Hi,
I have a product which has been in production for a number of years, and which has a lot of configurable settings. Some of these are set at the factory and are hidden, while others are accessible to the end user.
The environment is an ARM microcontroller using internal storage only. No file system or networking, but it can be connected to a PC via a serial link.
Typically I store all of a product's settings in a C struct called 'nv' ('non-volatile'), which is stored in Flash whenever a change is made, and read back in as part of the boot process.
Within this struct there are all kinds of integers, strings, other structs and so on, and then right at the very end there's a uint32_t which must always be set to a 'magic number' to indicate that the rest of the struct has been populated with valid data. This number could be a fixed value, a CRC, a cryptographic hash, checksum, or whatever.
When the firmware boots, it checks for the magic number. If it's valid, then that's great, carry on as normal. If not, it assumes the configuration is broken, and restores factory default settings including a new magic number.

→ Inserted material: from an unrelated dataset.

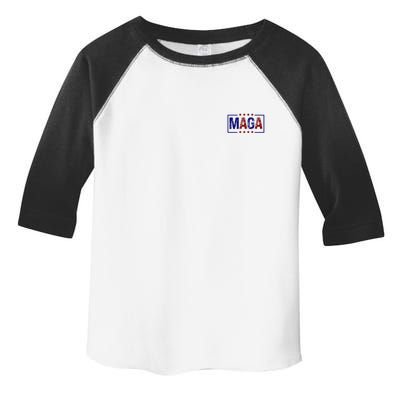 Maga Pocket Size Print Front And Back Toddler Fine Jersey T-Shirt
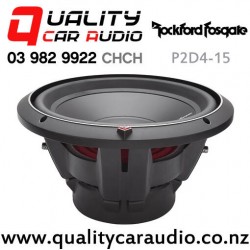 Rockford Fosgate P2D4-15 15" 800W (400W RMS) Dual 4 ohm Voice Coil Car Subwoofer with Easy Payments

This works well. It ensures that the unit always boots with valid settings whether it's brand new and is booting for the first time, or if it's been updated to new firmware which (usually) has a larger 'nv' struct with the magic number in a different place.
Until quite recently, firmware updates have only ever been done at a very limited number of authorised sites, where having the unit reset to factory settings after an update isn't a problem. However, I'd now like to explore how to go about preserving settings when a unit is updated by the end user in the field.
The issue is, of course, that new firmware may well require some new settings that weren't supported before. Insert new items into a struct, and everything beyond them has to move.
A few options spring to mind, but I can't quite figure out which I dislike least.
- Keep the original nv struct exactly the same forever. For new settings introduced in the next firmware release, create a new struct called nv2. Then nv3, nv4 etc, each with their own magic number to show they're valid.
- As above, but add the new items to the end of nv so they sit after the magic number, which at least means I don't have to litter my code with nv3.this, nv5.that, nv2.the_other etc
- Reserve space in nv between the last used setting and the magic number, put any new settings here. The magic number doesn't move, so it definitely has to be a CRC or hash, not a fixed value.
- Tag the nv struct with a value that indicates its version number. Include start-up code that recognises previous versions and knows how to migrate settings to the current version.
- Export settings in a readable format, with tags or commands to indicate what each value actually means. After an upgrade, reset to factory defaults, then parse the readable version to get back to a binary.
- The better idea that I haven't thought of yet...!
Suggestions please, folks. What's the industry's solution to this problem?